Google launched a new multimodal AI model, called Google Gemini Omni, at its annual I/O developer conference. The model will be capable of generating videos from text, audio, and video inputs. The company said Omni is a big leap in developing AI systems that can ‘create anything from anything.’
The first version of the model is Gemini Omni Flash, which supports the generation of up to 10-second AI videos, and longer video generation capabilities are planned in future updates.
Unlike the classic text-to-video model, Gemini Omni can handle multiple types of media at once. Users can add images, sound clips, videos, and text prompts all at once, and the model is able to reason over all of them and produce a single output.
Google DeepMind CTO Koray Kavukcuoglu says Omni can take in images, audio, video, and text to create high-quality video ‘based on real-world knowledge from Gemini.’
Google presented some demos at the event. One example that Kavukcuoglu gave was: When Omni was given a simple prompt like ‘a claymation explainer of protein folding,’ it quickly rendered a video of a stop-motion explainer with a voice-over that said, ‘Proteins start as chains of amino acids. They fold into patterns like the alpha helix and flat sections called beta sheets, forming a perfect three-dimensional shape.’
Google is positioning Omni Flash as an easy-to-use consumer product focused on simple conversational editing instead of professional editing software. The model is much like Google's previous Nano Banana image editing model, where users can edit content with natural language commands.
According to DeepMind director Nicole Brichtova, “We definitely did focus on making this easy to use for consumers.”
The system also allows users to create digital avatars of people. Google claims identity verification, with recorded prompts, in the onboarding process, to alleviate deepfake misuse.
The videos produced by Gemini Omni will come equipped with Google's SynthID watermarking system, which will be used to label AI-generated content in an imperceptible way to verify its authenticity.

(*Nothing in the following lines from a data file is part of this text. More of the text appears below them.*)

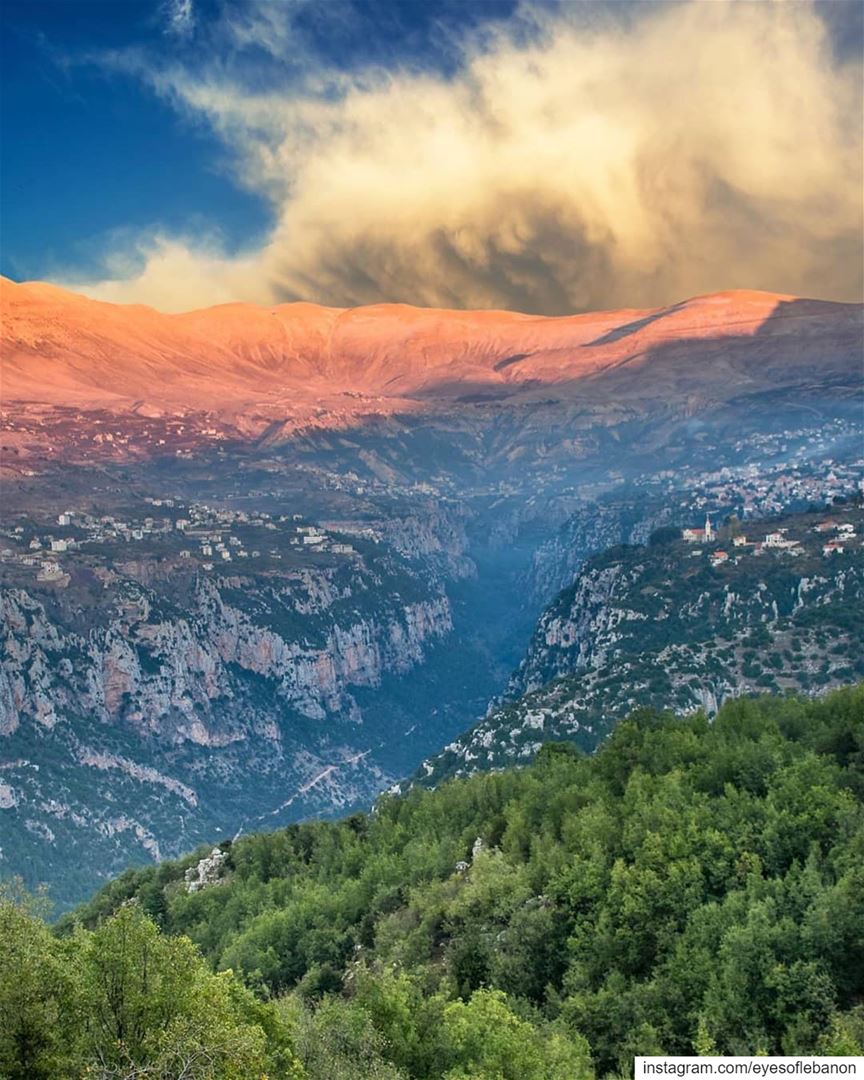 Good afternoon from Wadi QuannoubîneCredits to @alexander_photography97 ・・ (Ouâdi Qannoûbîne, Liban-Nord, Lebanon)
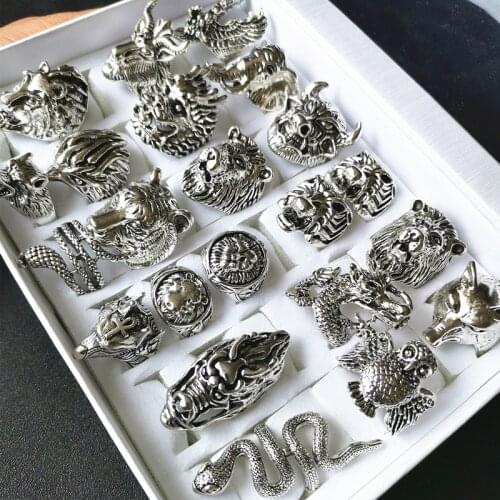 Wholesale 10pcs/Lot Vintage Punk Animal Dragon Lion Tiger Snake Mix Style Metal Alloy Jewelry Rings For Men Women Size 7 to 11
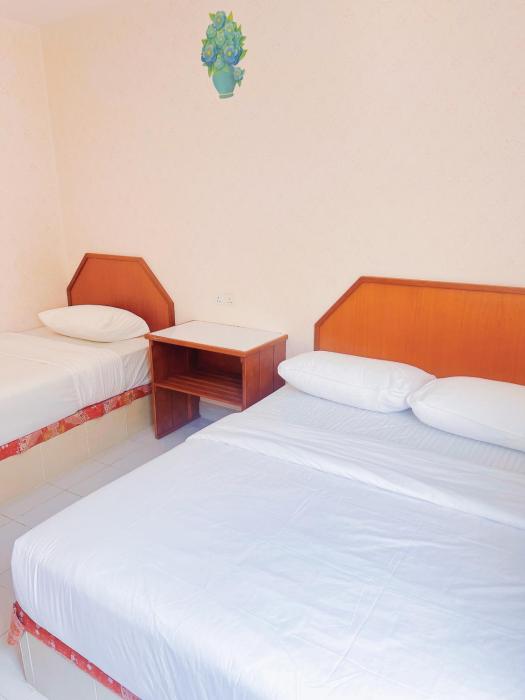 Triple room with private bathroom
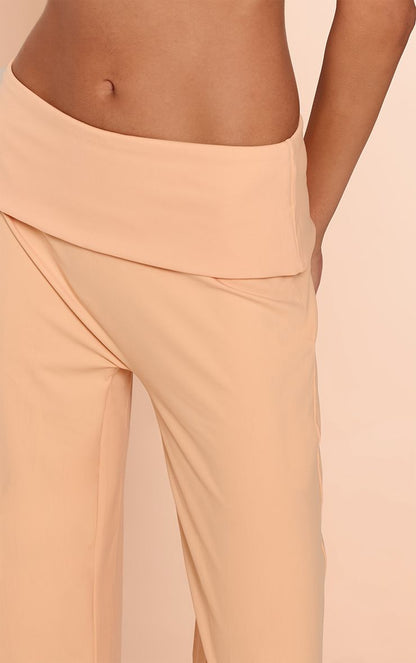 https://mediahub.prettylittlething.com/cnq0987_peach_xl_3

Also Read: Google and Blackstone Launch $5B AI Cloud Venture to Expand TPU Access
Google is going to launch Omni APIs in the coming weeks, which may be used for various applications, including advertising, filmmaking, and social media and content creation.
The launch comes amid increasing rivalry among Google, OpenAI, Runway, and AI startups developing tools that can create sophisticated media from a short prompt in multimodal AI.
But misinformation, synthetic media, and deepfakes are at the heart of the debate. Google said that the model has been tested and reviewed internally and by external agencies before releasing it to the market.